Volkswagen Reveals That It Has Brought Back Physical Buttons
...and made the steering wheel less wheel-like.
New interior photos of an upcoming Volkswagen EV reveal the company’s previously announced scheme to bring back certain physical buttons will soon be a reality. What’s being revealed is a small, budget EV called the ID. Polo that may never see a U.S. release, but the company has made it clear that this is the new button plan for its cars generally.
As previously noted by Gizmodo, there have been rumblings for some time of consumer exhaustion around car interiors that resemble an array of tablet computers. VW is not, to be clear, issuing a full-throated rebuke of infotainment screens by adding what looks like a handful of new physical buttons to this model—and this update also addresses a totally separate problem unique to the controls on Volkswagen steering wheels—but it’s at least a fresh data point showing a greater number of physical buttons inside a car rather than fewer.

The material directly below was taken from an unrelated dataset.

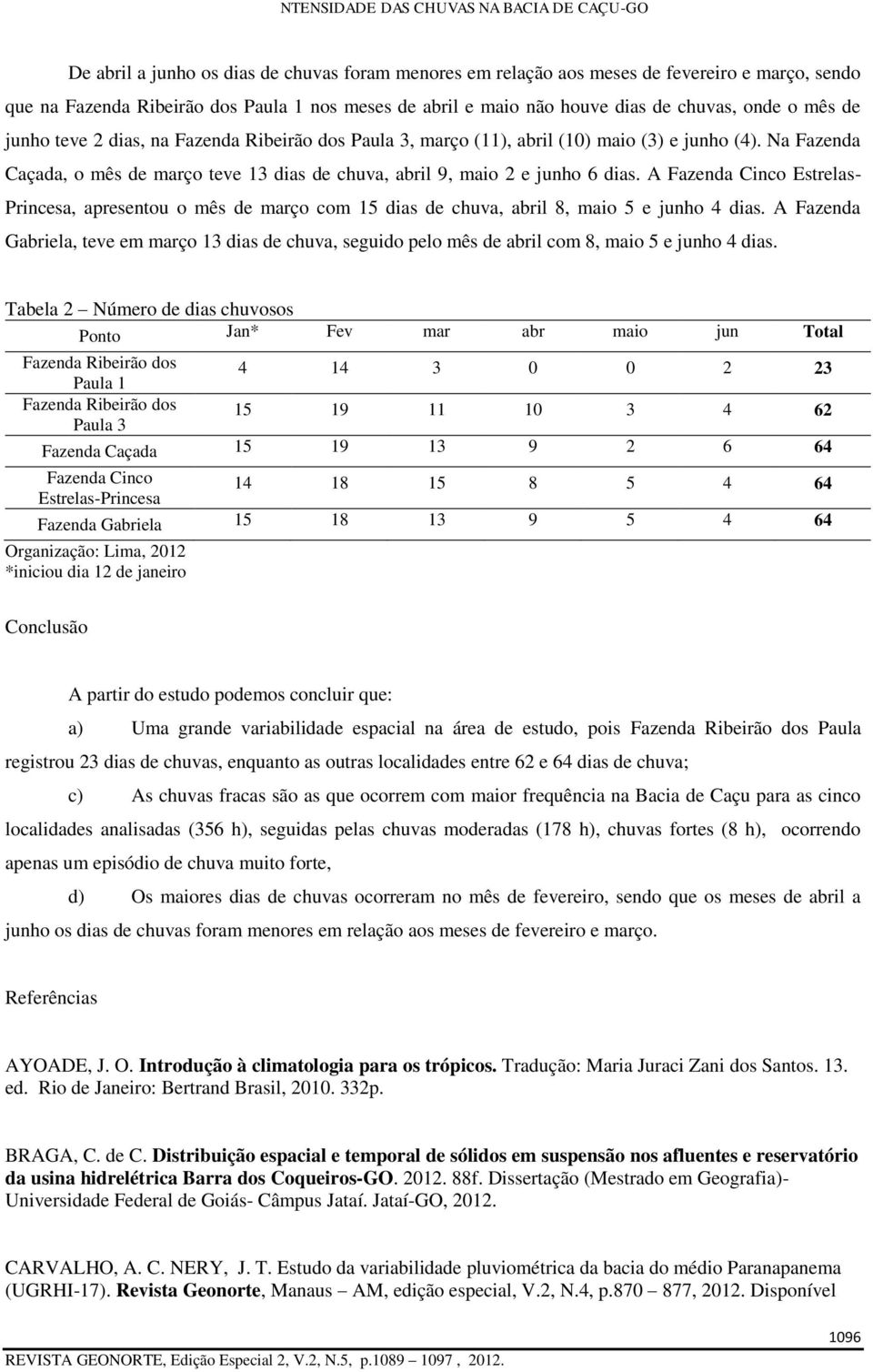 A Fazenda Cinco Estrelas- Princesa, apresentou o mês de março com 15 dias de chuva, abril 8, maio 5 e junho 4 dias.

Aspects of the company’s earlier pivot away from certain physical buttons were deemed a failure by VW itself, with design chief Andreas Mindt speaking about the issue with extraordinary candor to British car magazine Autocar. “We will never, ever make this mistake any more. On the steering wheel, we will have physical buttons. No guessing any more. There’s feedback, it’s real, and people love this. Honestly, it’s a car. It’s not a phone: it’s a car,” Mindt said.
VW fans were annoyed at Mindt and his colleagues perhaps most of all because of confusing, non-clicky buttons that require the driver to squint down at the steering wheel to perform basic functions like changing their music volume.
Several essential buttons that had been removed, Mindt said, “will be in every car that we make from now on. We understood this,” he told Autocar, adding, “From the ID. 2all onwards, we will have physical buttons for the five most important functions—the volume, the heating on each side of the car, the fans and the hazard light—below the screen.” According to the naming scheme laid out by Volkswagen, what Mindt confusingly referred to in this case as the “ID. 2all” pretty clearly refers to the ID. Polo.
Kai Grünitz, whose title at the company is “board member for technical development,” said in a new press release that what’s being unveiled now is the company’s “new interior architecture, starting with the all-new ID. Polo,” and that includes “an intuitive operating environment with physical buttons and newly structured screens.”
Elsewhere, the release notes “Separate buttons for climate functions and the hazard warning lights are integrated into a strip below the infotainment screen.”
Uh, but: the photos also show one of those increasingly trendy non-circular steering wheels. Volkswagen has been subtly tiptoeing toward less round steering wheels for a while now, and this is another step in that dubious direction. This one’s not quite shaped like the Tesla yoke, which has been accused of being a safety risk, and it’s also certainly not the abomination shown off almost a decade ago when VW first teased the ID. Buzz. But the freshly unveiled steering wheel shape for the ID. Polo is not a circle—more like a 2-D version of the shape a volleyball takes when you step on it.
As far as I know, consumers made it abundantly clear many years ago that they just want the steering wheel to be good (and to not fly off while they’re driving). But if you’re the one driver in the entire world who hates circular steering wheels in particular, congrats on another win!